***** Records shown *****

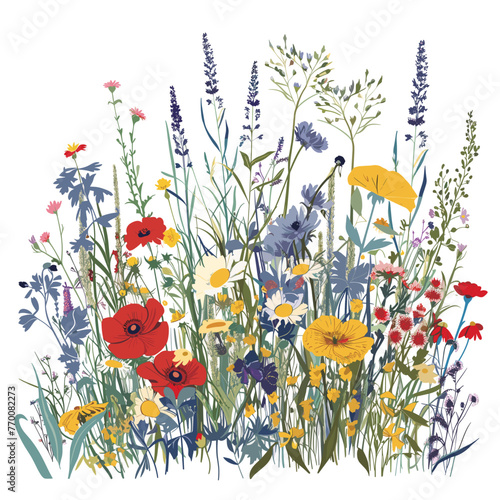Wildflower Wonders: Vectorized Meadow Composition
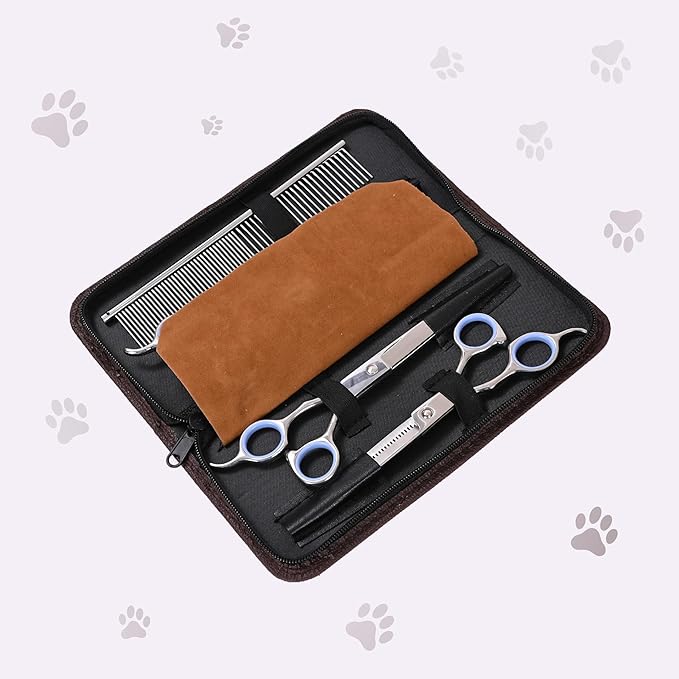 Dog Grooming Scissors Kit - Best Tools for Goldendoodles & Poodles- Straight, Curved & Thinning Shears - Golden Doodle Grooming Professional Grade Stainless Steel, 4 Pc Set (Long Silver)
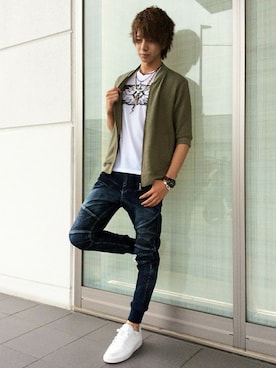 「summer」｜「アイテム（ジャケット/アウター）」を使った、shunさん（メンズ・177cm）の夏コーディネート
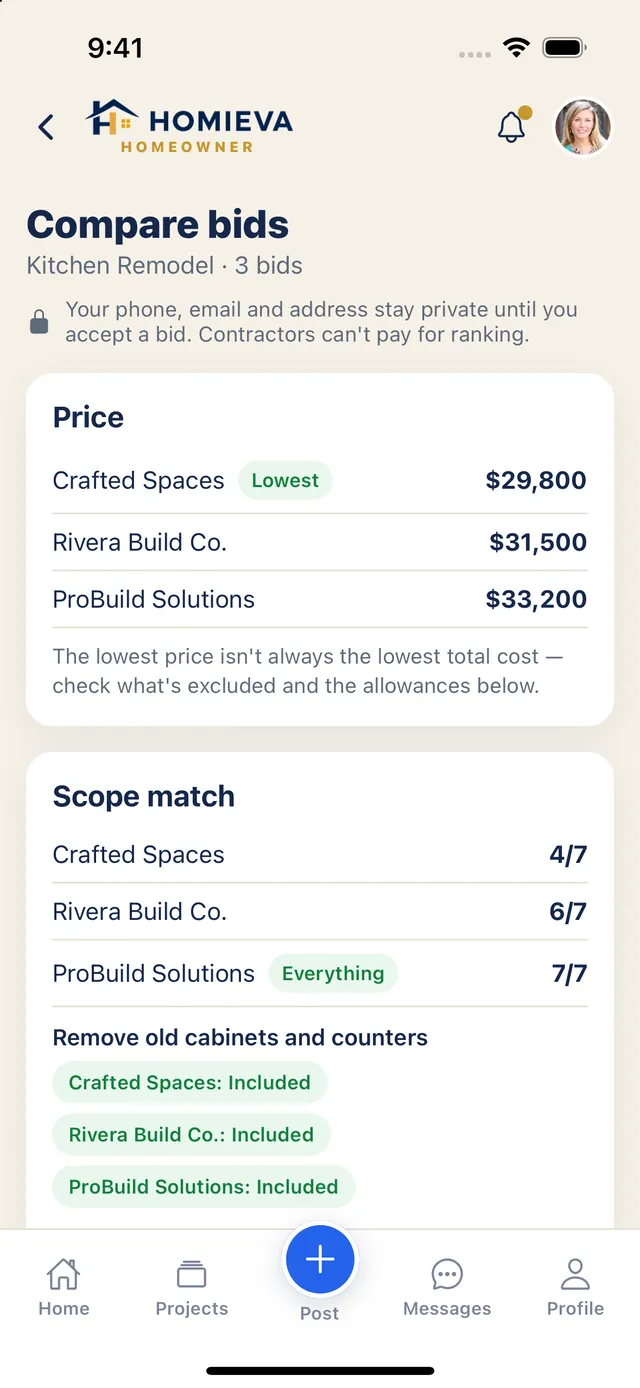 Compare bids: price, scope match and the reminder that contact details stay private until a bid is accepted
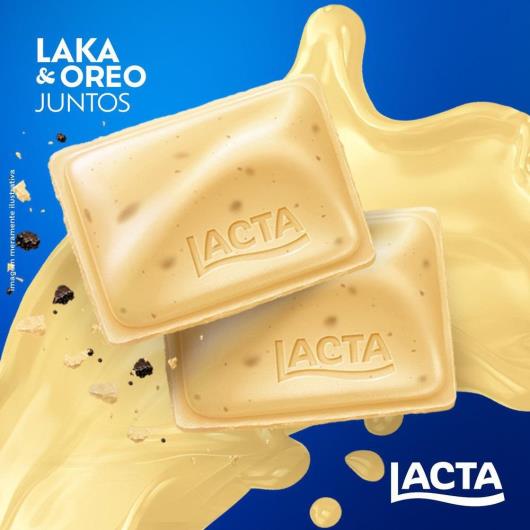 Chocolate Branco com Biscoito Oreo Lacta Laka Pacote 145g Tamanho Família - Imagem em destaque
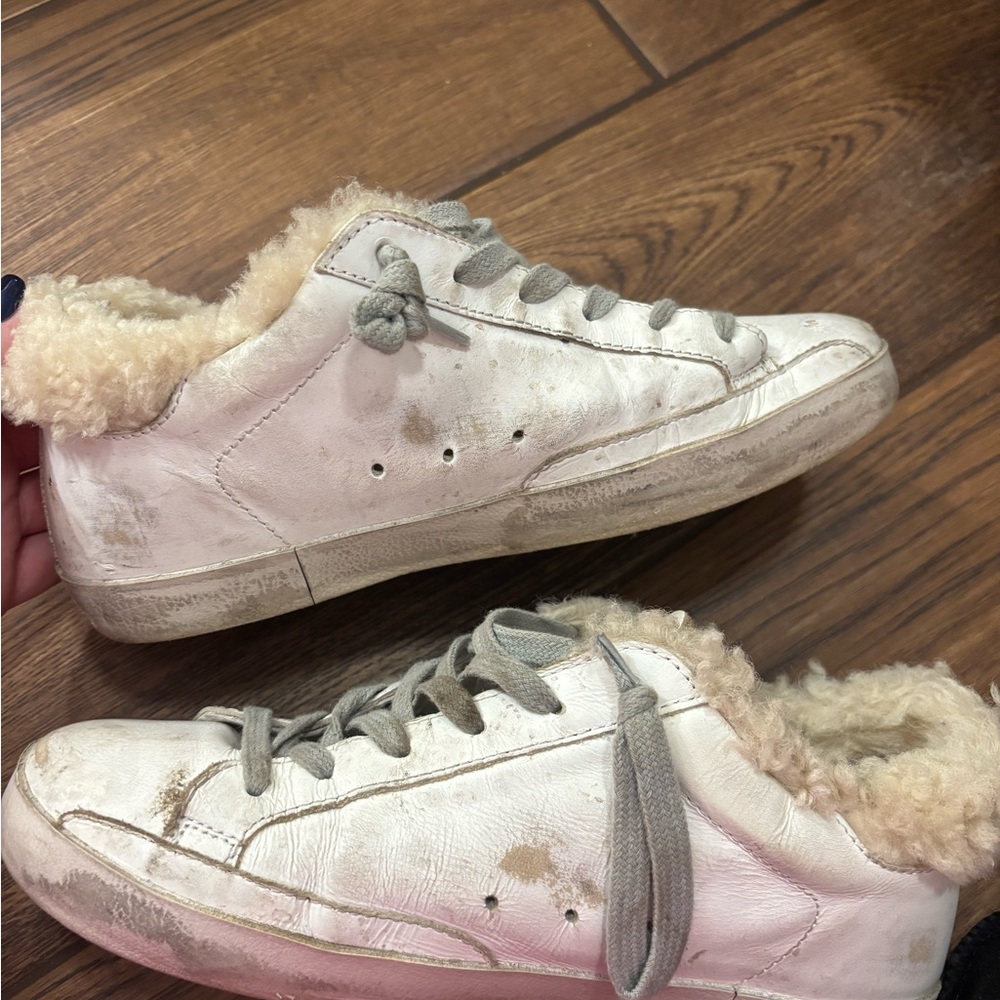 Golden Goose White and Cream Sherpa Lined Sneakers - Picture 3 of 13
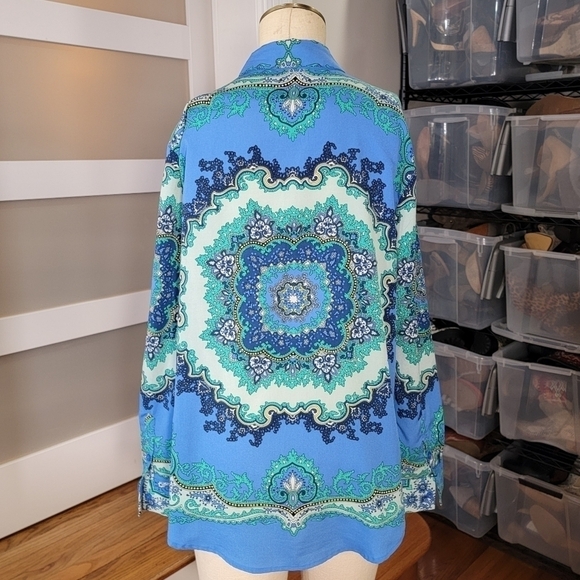 Apt. 9 Bold Retro style Printed Colorful Button front Top Size Large - Picture 5 of 16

*****

→ Task description: Return, exactly as they stand, the lines from the opening line of the listing through the line with "Compare bids: price, scope", both ends counted, and no pictures.

→ Result:
Wildflower Wonders: Vectorized Meadow Composition
 Dog Grooming Scissors Kit - Best Tools for Goldendoodles & Poodles- Straight, Curved & Thinning Shears - Golden Doodle Grooming Professional Grade Stainless Steel, 4 Pc Set (Long Silver)
 「summer」｜「アイテム（ジャケット/アウター）」を使った、shunさん（メンズ・177cm）の夏コーディネート
 Compare bids: price, scope match and the reminder that contact details stay private until a bid is accepted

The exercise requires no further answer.